Toutes ces fonctions, et bien d’autres, sont dévolues à plusieurs institutions distinctes, qui travaillent en concertation au quotidien.

Les producteurs de gaz naturel sur le marché

Pour ses besoins en gaz naturel, la France dépend quasiment à 100 % des importations venues de l’étranger. L’une des seules ressources nationales était située sous la commune de Lacq, dans les Pyrénées-Atlantiques. Elle a été exploitée par Total jusqu’à son épuisement en 2013. Depuis, quelques anciennes mines de charbon restent exploitées pour leur gaz de houille. En revanche, cet apport à la consommation nationale est marginal.
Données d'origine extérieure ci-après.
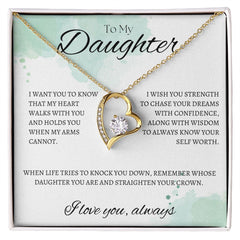 TO MY DAUGHTER - I love you always - Forever Love Necklace (White & watercolor background)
Les producteurs de gaz naturel sont donc, pour l’essentiel, d’importantes entreprises multinationales. Elles prospectent de nouveaux gisements à l’étranger, se chargent de l’extraction du gaz et de son transport jusqu’en France. Parmi les principaux, on peut citer E.ON, Ruhrgaz, Eni (qui assure également une activité de fourniture sur notre territoire), le russe Gazprom et bien sûr le français Total.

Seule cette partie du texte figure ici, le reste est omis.